Bu durumda, Yalnız Şahin'in sözünden dönmesi halinde, tüm dünya onun Han Feng Xue'den korktuğunu düşünecekti. Kendisini artık inemeyeceği bir kaplanın üzerinde bulunca, kendini teselli etmekten başka çaresi kalmamıştı: [Han Feng Xue'yi ve Gümüş Kar fırtınası Şehri'ni hiçbir zaman çok hoş bulmadım ve bu tam da pratik yapmak için rakiplere ihtiyacım olduğu sırada oluyor... Gümüş Kar fırtınası Şehri'nde onlardan bolca var... O küçük şeytana bu kadar kredi vermek zorundayım. Dahası, boş boş oturup Ailesinin başına gelenleri izlemedi... ve bu durum gelecekte daha büyük başarılar elde etmeme de yardımcı olacak... ]

[Bununla birlikte, düşündüğünüzde, Gümüş Kar fırtınası Şehri sayısız güçlü uzmana sahip ve kıtanın en güçlü üçüncü kişisine ek olarak en az bir düzine Ruh Xuan uzmanını da saflarında barındırıyor olmalı]. Yalnız Şahin bile böylesine güçlü bir kuvvetle karşılaştığında kendine olan güvenini yitirmekten kendini alamadı.

[Eğer Gümüş Kar fırtınası Şehri bu işe karışmasaydı ve mesele sadece Xue Hun Malikânesi ile ilgili olsaydı, Jun Ailesi'nin düşmanlarının gücü çok sınırlı olacağı için kolayca üstesinden gelebilirdim...]

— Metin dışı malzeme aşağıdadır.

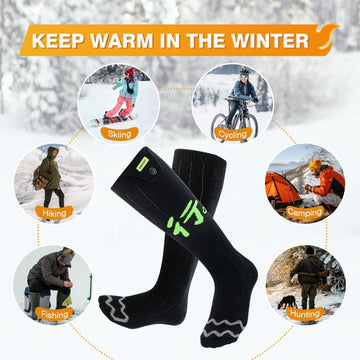 BEAUZMO heated socks offer six heat levels for customizable warmth
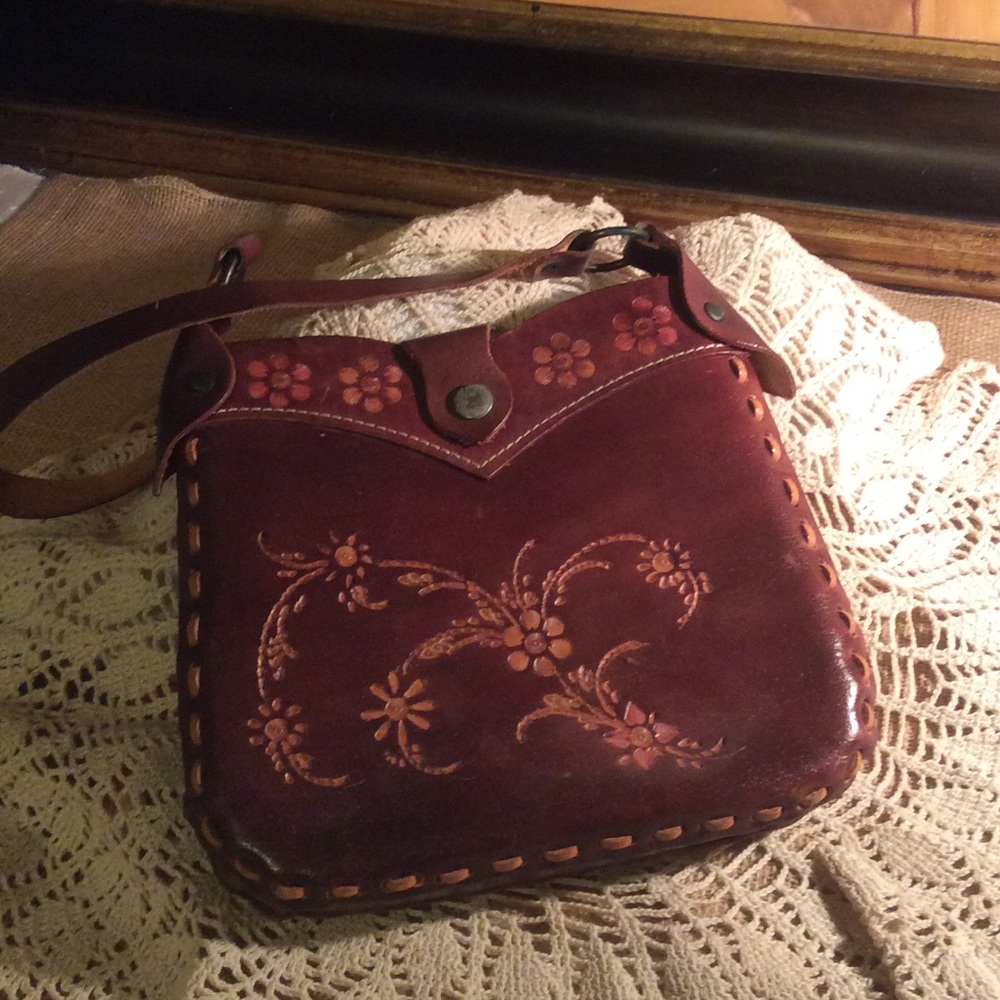 Leather hand stamp purse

Bu düşünce aklından geçerken kendini küçümsedi: [Bah, Gümüş Blizzard Şehri ve Xue Hun Malikânesi hiçbir zaman iyi geçinemedi, öyleyse neden sadece Jun Ailesi ile başa çıkmak için güçlerini birleştirsinler ki? Bu iki düşman gücün güçlerini birleştirmesini sağlayacak kadar değerli biri var mı? Asla güçlerini birleştirmezler ve adım adım ilerlersek, Küçük Şeytan'ın gizemli efendisi Han Feng Xue veya Li Jue Tian'ın yol açabileceği herhangi bir sorunla kolayca başa çıkabilir... bu adamlar şu anda bunu bilmiyor... ama ya benim böyle bir gücüm olsaydı?... ]

"Bu konuda daha fazla konuşmayın." Yalnız Şahin, genç Jun'un ustasının gücünü ve bilgisini düşündü ve ardından öfkeyle gerçek bir tonda ifade ederken göz kapaklarını heyecanla çırptı: "Ben burada Jun Ailesi ile birlikteyim, bu yüzden daha fazla bela aramak için geri gelmek istersen benimle uğraşmak zorunda kalacaksın!"

Üçüncü Yaşlı bundan biraz şüphe duysa da, yine de bu tehdit üzerinde düşünmekten kendini alamadı. Hızla konuyu değiştirerek dikkatlice sordu: "Usta Falcon, Tian Xiang Şehri'nde eşsiz bir ustanın gizlilik içinde yaşadığının farkında mısınız?"